| WORK TO BE COMPLETED |
Exactly as they appear below, repeat the lines from the one with "wooden urn with butterflies" through the one with "LEGO Ninjago Combate", and no others.

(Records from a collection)
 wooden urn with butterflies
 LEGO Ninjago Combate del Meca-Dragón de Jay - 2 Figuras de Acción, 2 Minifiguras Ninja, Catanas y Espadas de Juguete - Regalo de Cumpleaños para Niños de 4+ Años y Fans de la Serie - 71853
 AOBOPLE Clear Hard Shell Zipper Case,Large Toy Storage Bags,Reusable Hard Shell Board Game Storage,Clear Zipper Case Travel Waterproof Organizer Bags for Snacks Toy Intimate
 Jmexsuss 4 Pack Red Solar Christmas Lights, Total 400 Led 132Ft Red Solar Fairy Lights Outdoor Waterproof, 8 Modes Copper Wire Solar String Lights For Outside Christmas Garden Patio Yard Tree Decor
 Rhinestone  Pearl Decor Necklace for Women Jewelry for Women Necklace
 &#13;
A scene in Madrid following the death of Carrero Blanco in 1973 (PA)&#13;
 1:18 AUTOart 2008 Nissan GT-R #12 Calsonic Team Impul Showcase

---

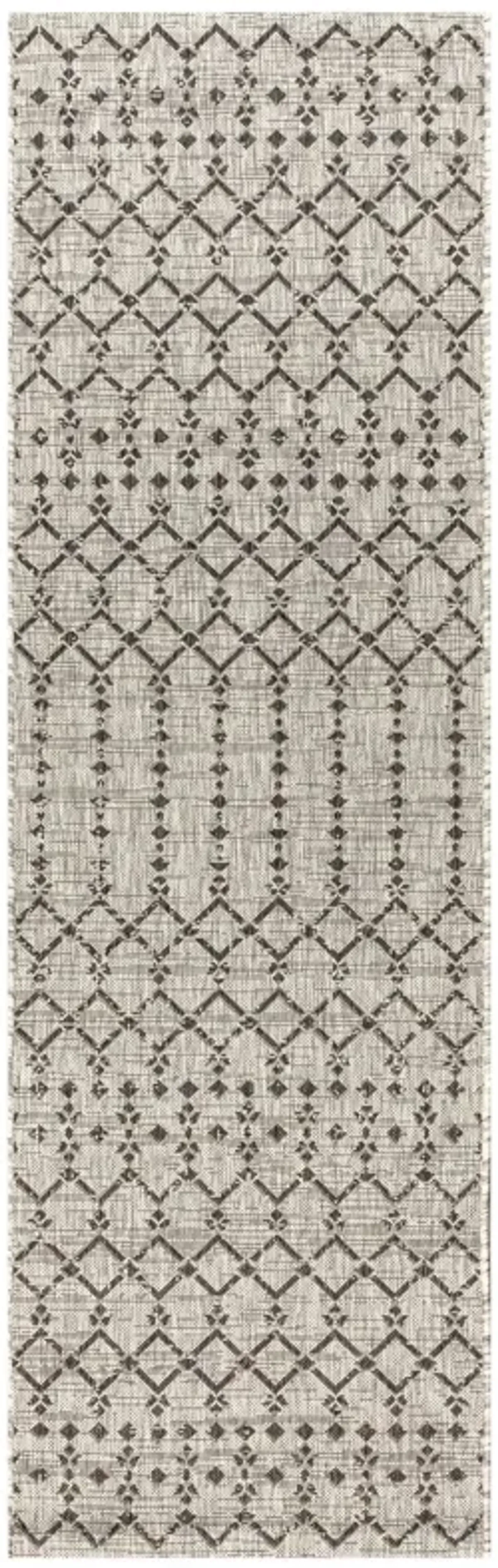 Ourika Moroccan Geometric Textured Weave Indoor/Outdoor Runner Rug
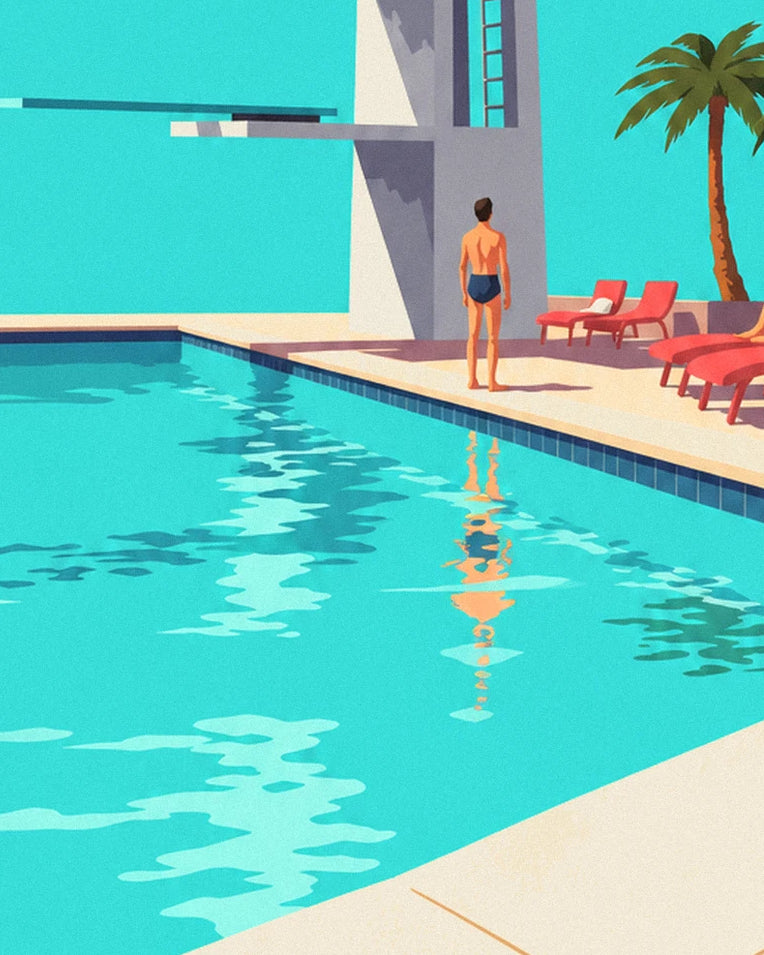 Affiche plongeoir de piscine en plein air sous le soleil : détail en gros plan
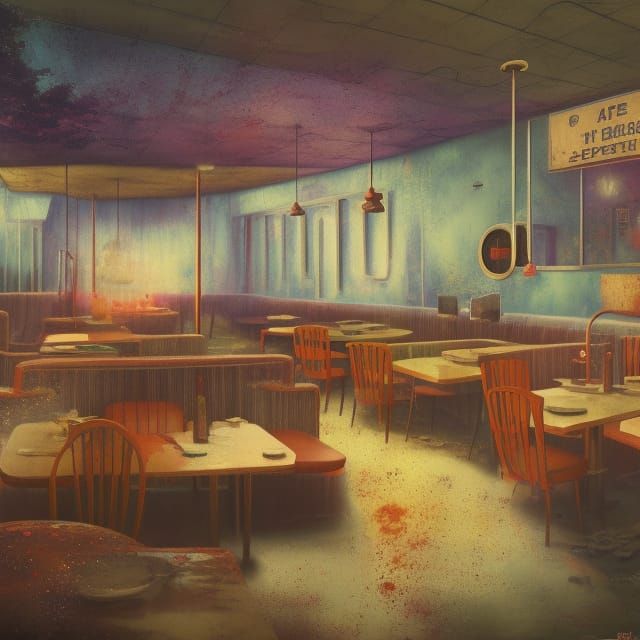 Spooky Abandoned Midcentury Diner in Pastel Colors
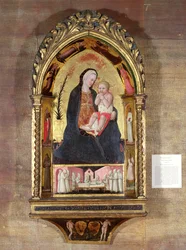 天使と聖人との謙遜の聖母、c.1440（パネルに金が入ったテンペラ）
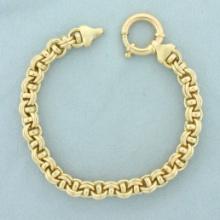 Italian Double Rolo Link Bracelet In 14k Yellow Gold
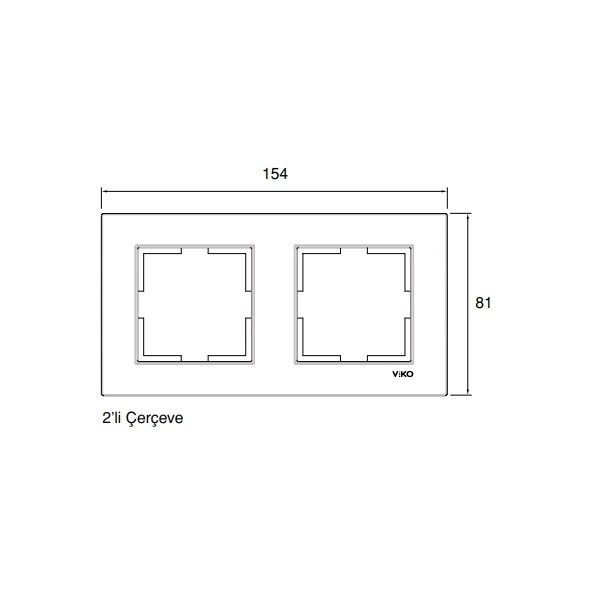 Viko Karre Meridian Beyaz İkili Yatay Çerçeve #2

| WORKED SOLUTION |
 wooden urn with butterflies
 LEGO Ninjago Combate del Meca-Dragón de Jay - 2 Figuras de Acción, 2 Minifiguras Ninja, Catanas y Espadas de Juguete - Regalo de Cumpleaños para Niños de 4+ Años y Fans de la Serie - 71853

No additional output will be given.